Wang Long, founder and CEO of Matrix Origins.
Xiong Wei pointed out that training large models means investing in massive amounts of data, and how to release the value of data on the basis of ensuring privacy will be an important challenge for enterprises in all walks of life. As the application of AIGC becomes more extensive and deeper, the security and privacy of data will be greatly improved through model training optimization, security encryption technology upgrades, and the gradual improvement of the compliance supervision system.
Xiong Wei, Vice President of Weiyin China.
Some analysts have pointed out that every scientific and technological revolution will go through two periods: the first two or three decades are the introduction period, during which a large number of infrastructure and key industries are gradually formed and gradually improved, and they are also washed away and subverted by the new paradigm while encountering the resistance of the old paradigm; The next twenty or thirty years is the expansion period.
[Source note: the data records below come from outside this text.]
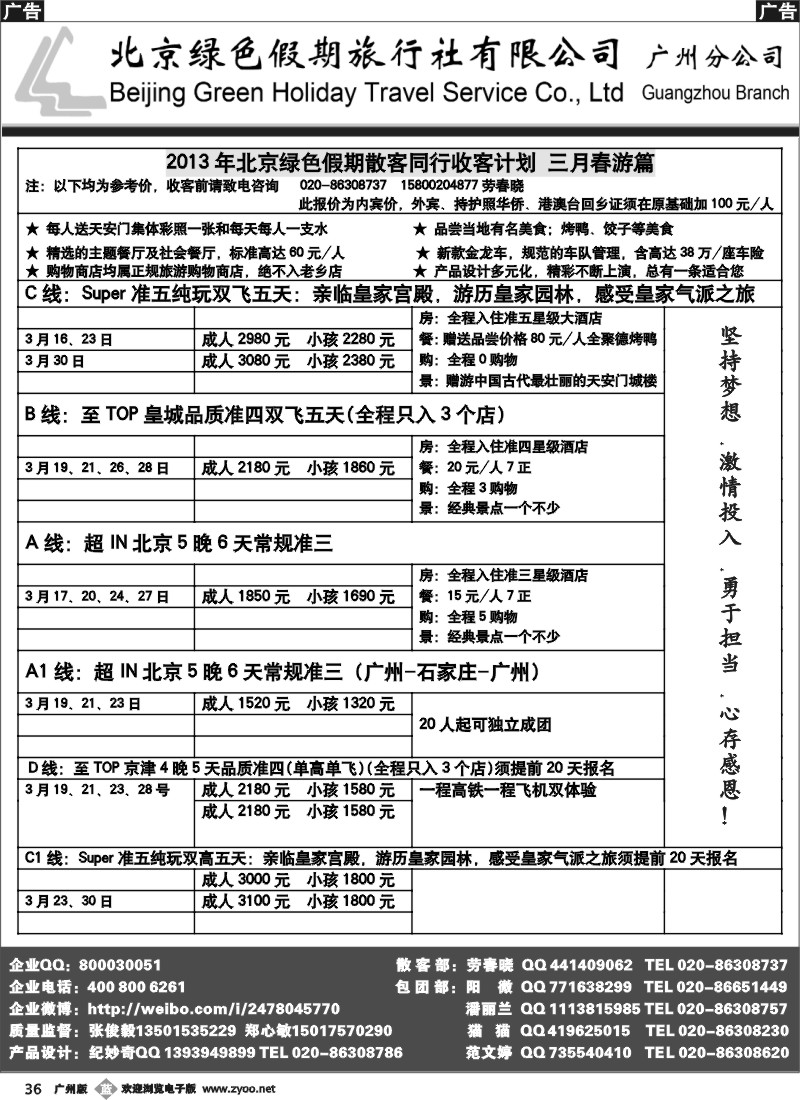 b036 北京绿色假期旅行社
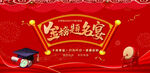 金榜题名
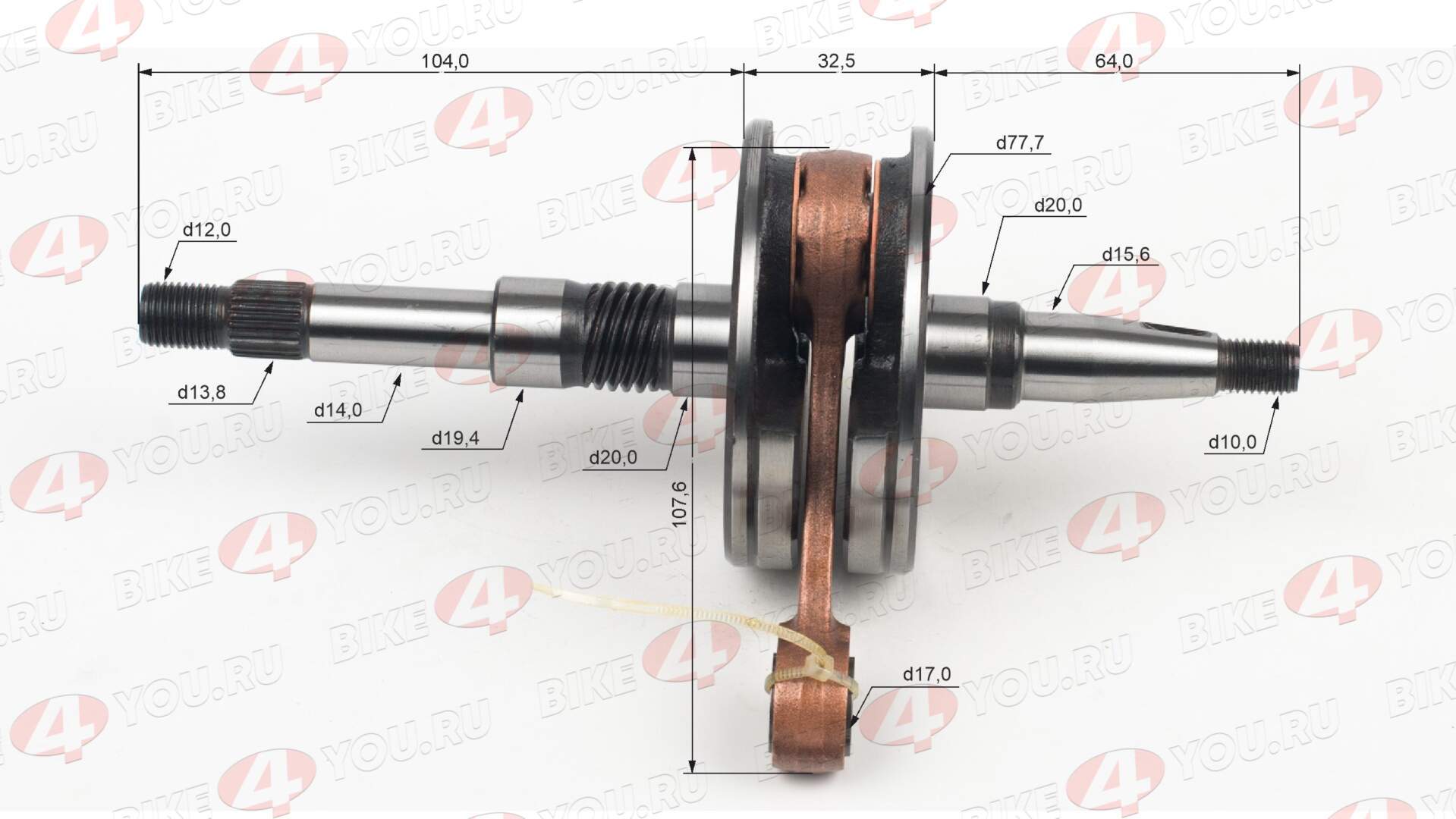 Коленвал DIO-ZX50 (AF34)
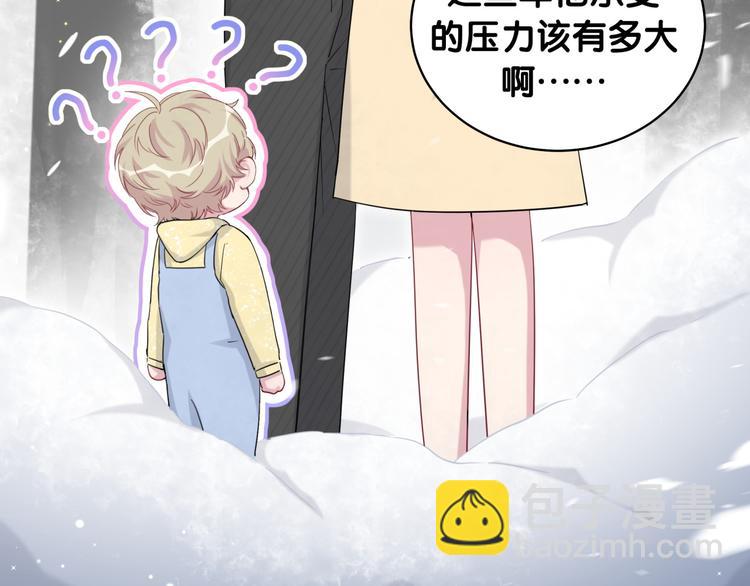 第97话 轶轶父母的决定34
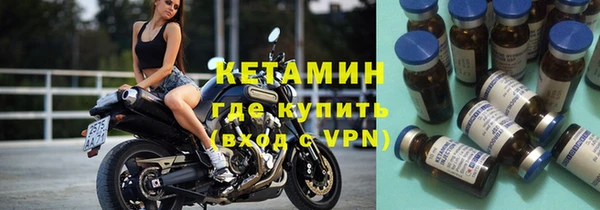 mix Абаза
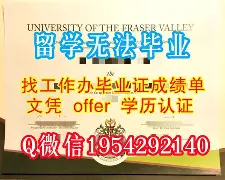 中国农业大学条件怎么样
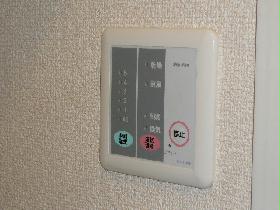 Other. Bathroom Dryer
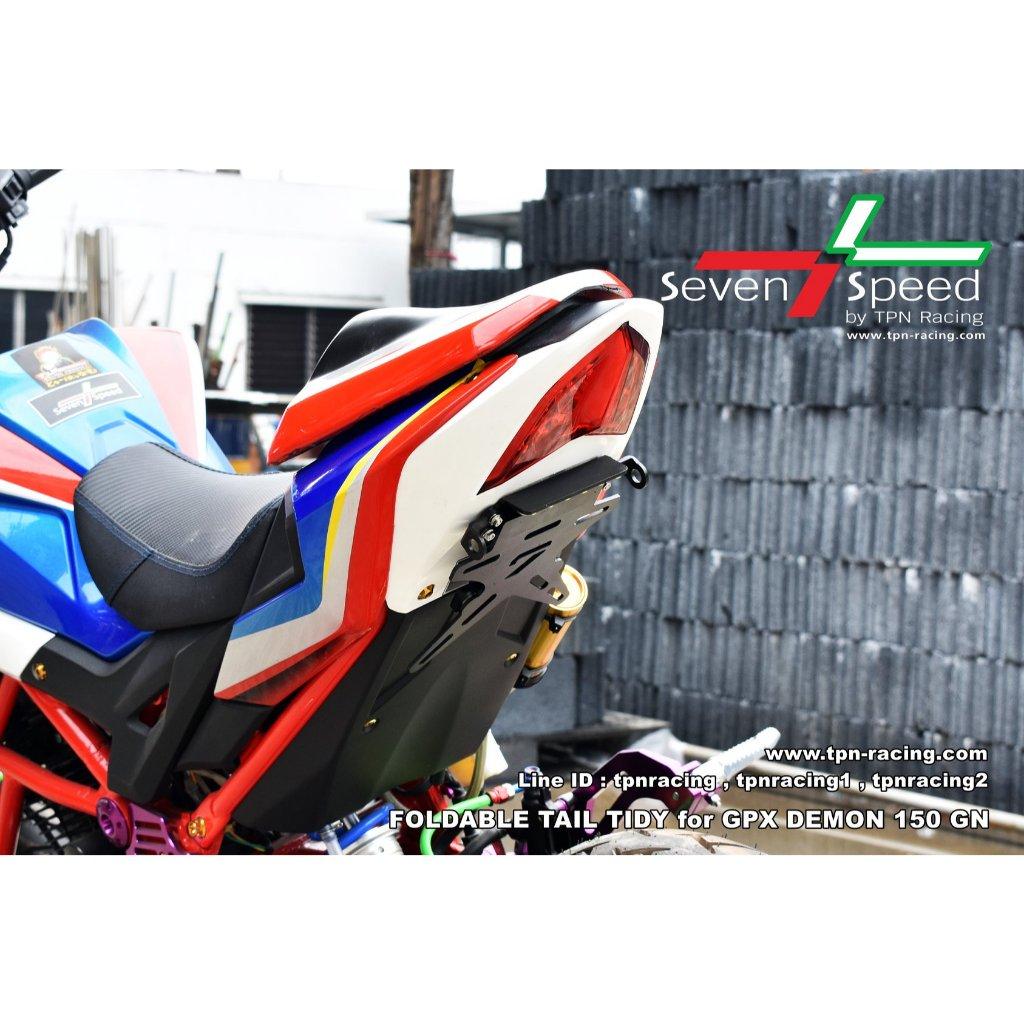 ท้ายสั้นแม่เหล็กพับได้ DEMON 150 GN seven speed / Kamui
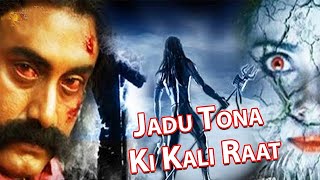 Jadu Tona Ki Kali Raat  HORROR Movie  Hindi Dubbed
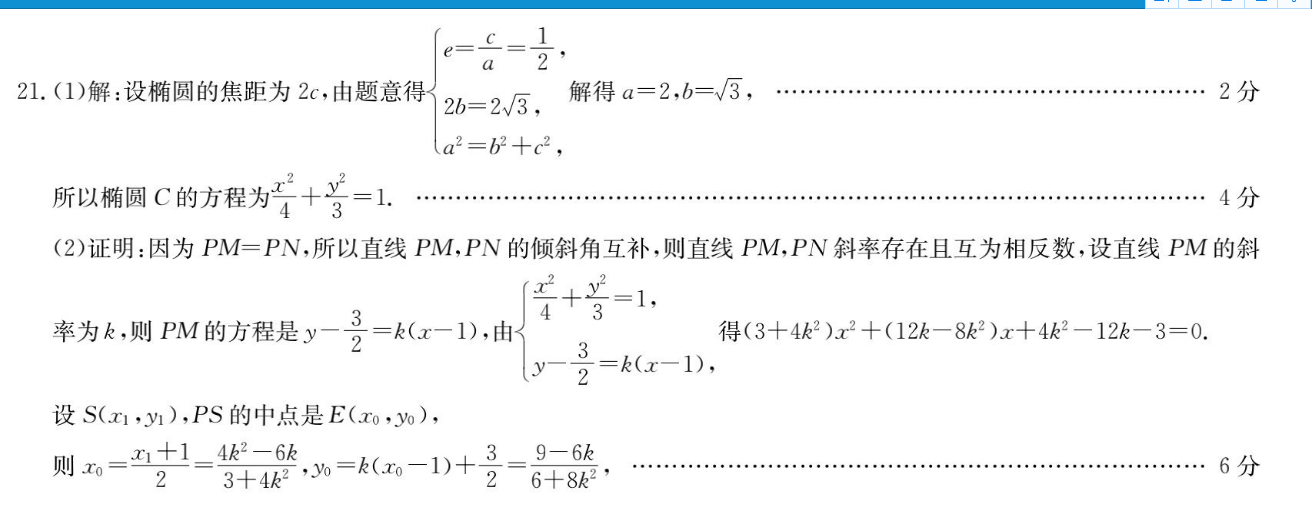 image.png@!test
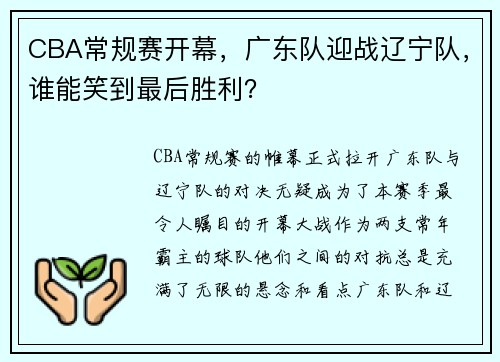 CBA常规赛开幕，广东队迎战辽宁队，谁能笑到最后胜利？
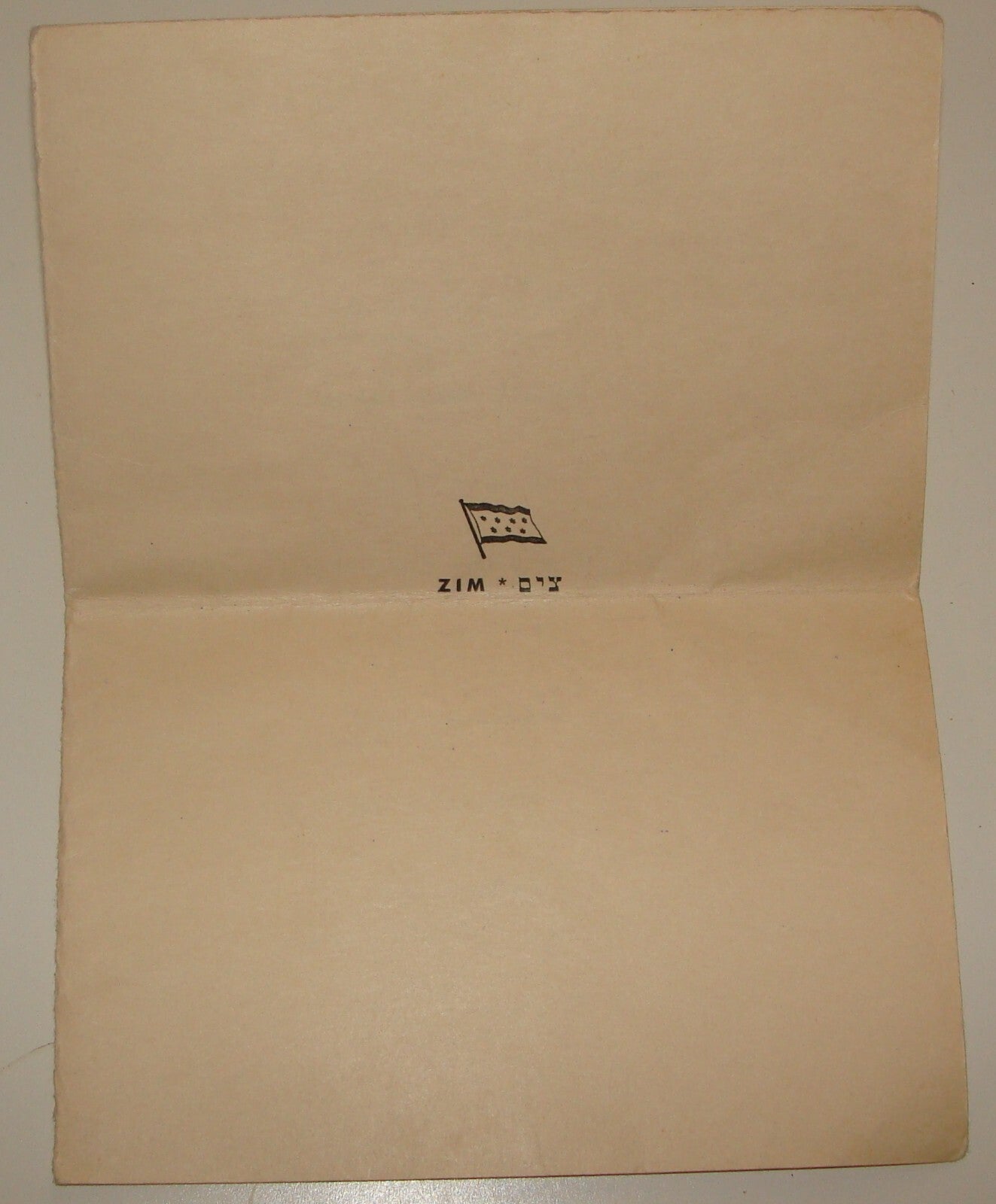 Navigation Jewish Judaica 1955 Israel Israeli ZIM Ship Company MENU Hebrew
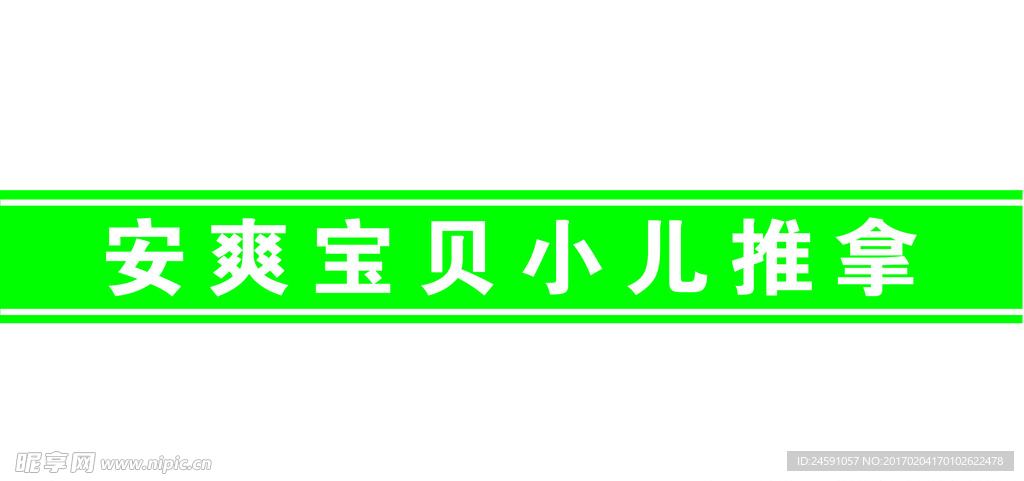 推拿店腰线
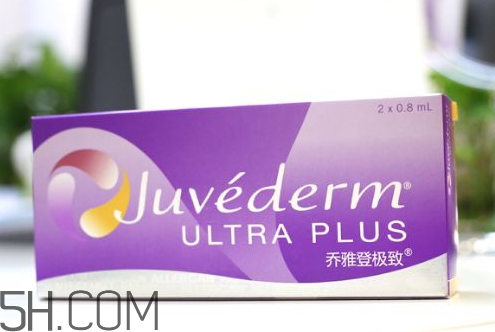 喬雅登極致和雅致的區別 喬雅登2345號的區別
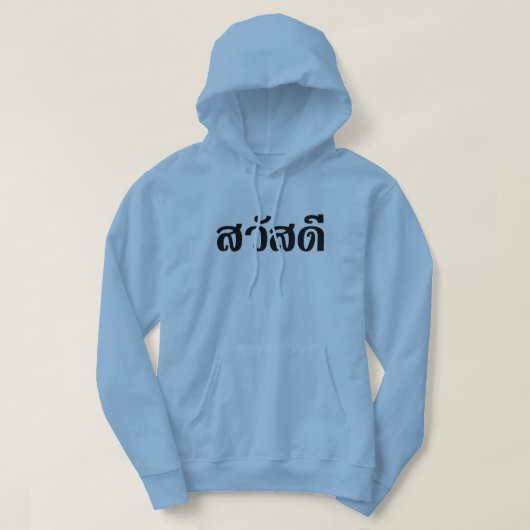 Sawatdee / Hallo ~ Thailand / Taalscript voor Thai Hoodie (Design voorkant)
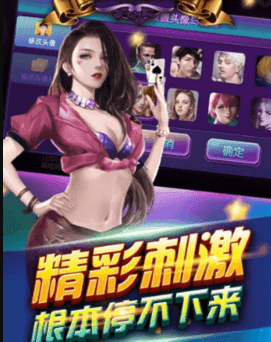 129cc王者棋牌官网版最新版-01
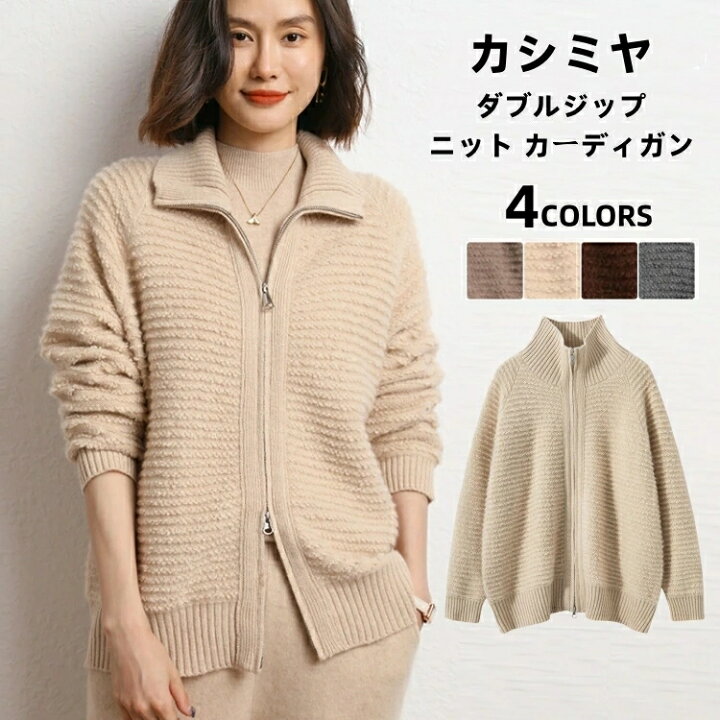 楽天市場】ニット カーディガン カシミヤ 長袖 立ち襟 ダブルジップ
The structural contradictions accumulated in the early stage have been alleviated under the adjustment of the institutional framework, and the transformative power brought about by the scientific and technological revolution has gradually spread to the entire economy and society, so that economic growth has re-entered the sustainable growth mode.
Entering 2024 with people's infinite expectations for the large model, the guests expressed a positive attitude towards the development of the large model in the new year. Luo Yongxiu believes that in the context of the slowdown in economic development, enterprises will pay more attention to reducing costs and increasing efficiency, and enterprises may lay off employees to reduce various expenditures, but the investment in data asset management and knowledge management will increase. Wang Long is more optimistic, he believes: "There are many opportunities in the upstream and downstream of large models, and the upstream opportunities come from infrastructure links such as large model training and inference; Downstream opportunities come from the application layer, such as multimodal content generation. I believe that in the next 20 years, Microsoft and Toutiao may be born in 24 years. ”
AI Copilot, AI Agent, AI PC and other large model technology branches are struggling in their respective directions, and tipping points and killer applications may surprise the world overnight in unexpected ways. Large models and big data are like quantum entanglement, accelerating the convergence of industries and pushing data science into a new era. This convergence opens the door to deeper insights and intelligent decision-making, ushering in a new era of data science.